Duplessis Orphans

The Duplessis Orphans (French: les Orphelins de Duplessis) were a population of Canadian children[1] wrongly certified as mentally ill by the provincial government of Quebec and confined to psychiatric institutions in the 1940s and 1950s. Many of these children were deliberately miscertified in order to acquire additional subsidies from the federal government. They are named for Maurice Duplessis, who served as Premier of Quebec for five non-consecutive terms between 1936 and 1959. The controversies associated with Duplessis, and particularly the corruption and abuse concerning the Duplessis orphans, have led to the popular historic conception of his term as Premier as La Grande Noirceur ("The Great Darkness") by its critics.

Maurice Duplessis in 1952

The Duplessis Orphans have accused both the government of Quebec and the Roman Catholic Church of wrongdoing. The Catholic Church has denied involvement in the scandal, and disputes the claims of those seeking financial compensation for harm done.[2]

Background

During the 1940s and 1950s, limited social services were available to residents of Quebec. Before the Quiet Revolution of the 1960s,[3] most of the social services available were provided through the Roman Catholic Church. Among their charges were people considered to be socially vulnerable: those living in poverty, alcoholics or other individuals deemed unable to retain work, unwed mothers, and orphans.[4]

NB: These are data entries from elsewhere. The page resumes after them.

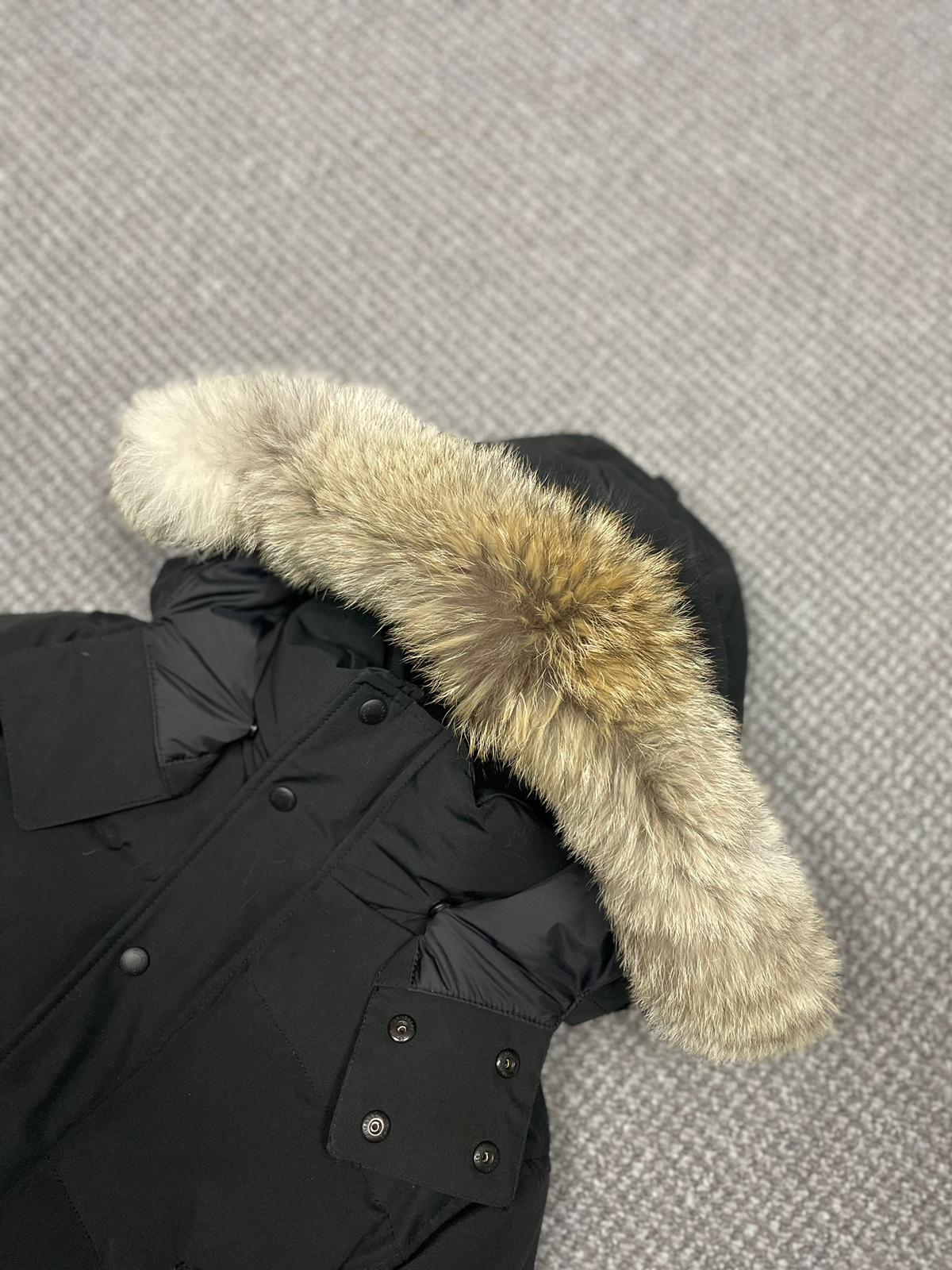 Canada Goose Coyote Fur Ruff (46cm) – Unknown Seller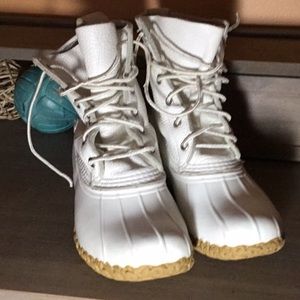 Like-New Bean Boots (limited edition)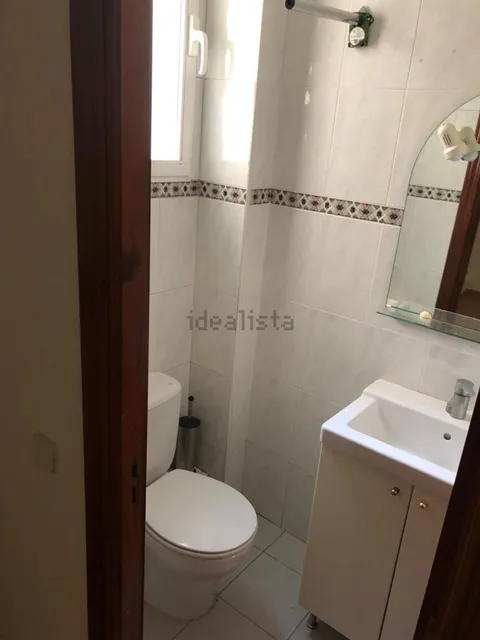 Кімната в оренду, Madrid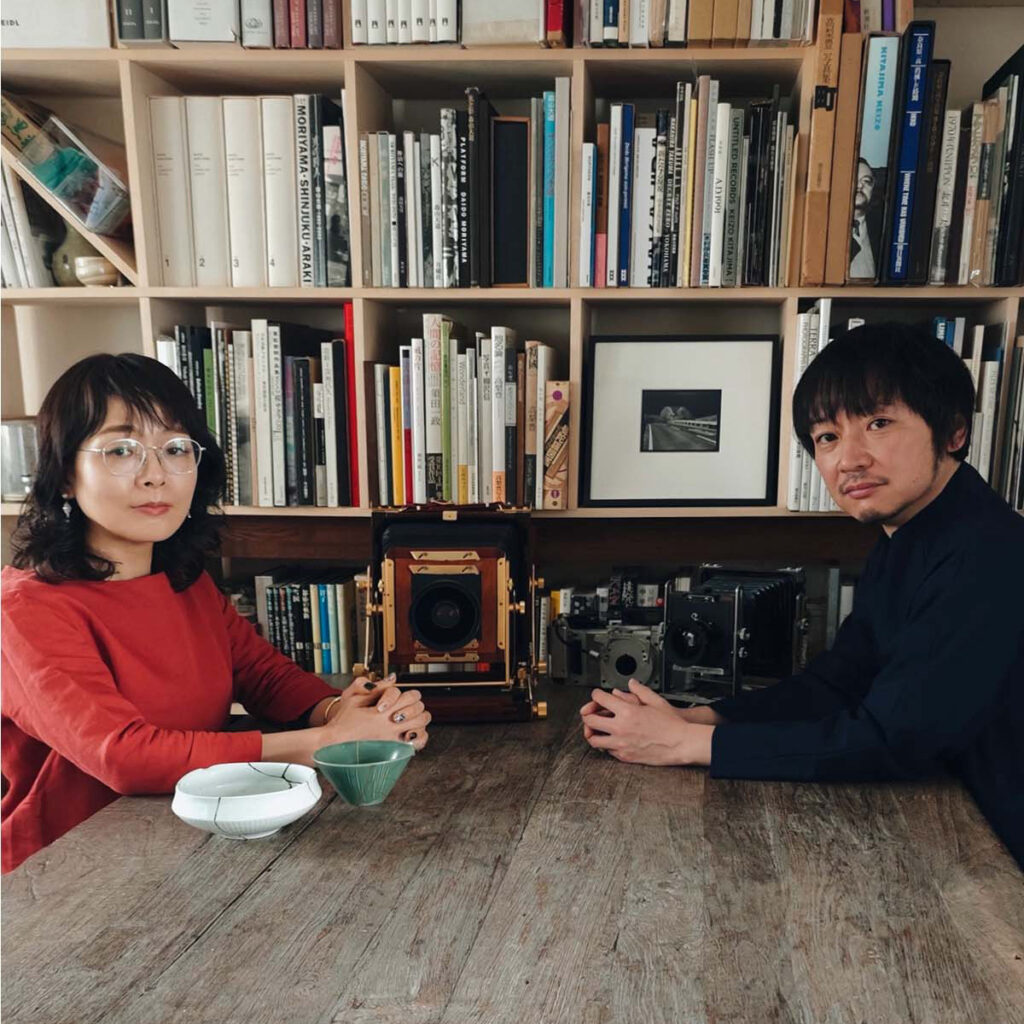 村越としやさん（写真家）・河井菜摘さん（修復専門家） - インタビュー - margherita（マルゲリータ）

The Catholic Church urged[5] many mothers to admit children to orphanages despite not having been formally orphaned due to their "bastard" status (being born to unwed mothers). Some of these orphanages were operated by Roman Catholic religious institutions, due to a lack of secular investment in social services; they encouraged unwed mothers to leave their children there, so that they might be raised in the Roman Catholic church. Maternity homes for unwed mothers, too, then prevalent, often encouraged the giving up of these "bastard" children.[6] [7]

The Loi sur les Asiles d'aliénés (Lunatic Asylum Act) of 1909 governed mental institution admissions until 1950. The law stated the mentally ill could be committed for three reasons: to care for them, to help them, or as a measure to maintain social order in public and private life. However, the act did not define what a disruption of social order was, leaving the decision to admit patients up to psychiatrists.[8]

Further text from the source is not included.